But Biden’s search for common ground won’t be endless. “If they rebuff him, I think he’ll become much more aggressive, which probably means moving left,” he continued.

Bannon said areas of compromise in which the two sides could come together were not immediately obvious.

“House Republicans will rebuff his overtures, and Biden will go into the 2024 campaign saying, ‘Hey, listen, I tried,'” he said. “‘They gave me the cold shoulder. I’m running for reelection. I hope to be reelected, but I need a Democratic Congress to work with me to move the nation forward.’”

In a divided Congress, “there’s not going to be much governing,” said David Ramadan, a former member of the Virginia House and an adjunct professor at the Schar School at George Mason University. “Very little is going to get done in the next two years. There’s going to be quite a bit of campaigning and quite a bit of rhetoric on both sides over the next few years.”

Ramadan was skeptical that Biden and Democrats would reach many compromises after failing to reach an agreement on immigration and other major issues. “There are probably many times over the last two years where the party in the majority could have found ways to bring in enough Republicans to get those issues through,” he said. “That would have required compromise. There was no compromise.”

Asked about the administration’s handling of the border crisis, an issue both parties say they want to resolve, one Democratic strategist slammed Biden’s efforts, describing the outcome as “a past tense of a four-letter word that starts with an F.”

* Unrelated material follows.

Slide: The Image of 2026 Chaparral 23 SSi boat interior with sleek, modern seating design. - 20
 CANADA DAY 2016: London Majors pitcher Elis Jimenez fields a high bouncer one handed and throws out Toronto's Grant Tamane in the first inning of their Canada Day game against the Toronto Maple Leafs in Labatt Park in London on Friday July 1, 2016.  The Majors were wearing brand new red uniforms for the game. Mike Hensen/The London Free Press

Democrats limited the damage in the midterm elections partly by running on progressive issues such as support for abortion rights. But they also edged out Republicans nationally among independent voters, according to exit polls. “These independents and crossover voters were motivated to support Democrats where they did because many Democrats in key races were perceived as being more moderate than their extremist Republican opponents,” argued Ruy Teixeira, co-author of The Emerging Democratic Majority, and now at the American Enterprise Institute.

The midterm elections were in contrast with 2020. Democrats actually lost House seats even as Biden won nationally.

This has set up a debate among Democrats about what to do next.

Ramadan said the “smart play” for Biden is a move to the center as the president positions himself ahead of 2024, drawing a contrast with Republicans expected to inch rightward as House Minority Leader Kevin McCarthy (R-CA) battles for the speakership.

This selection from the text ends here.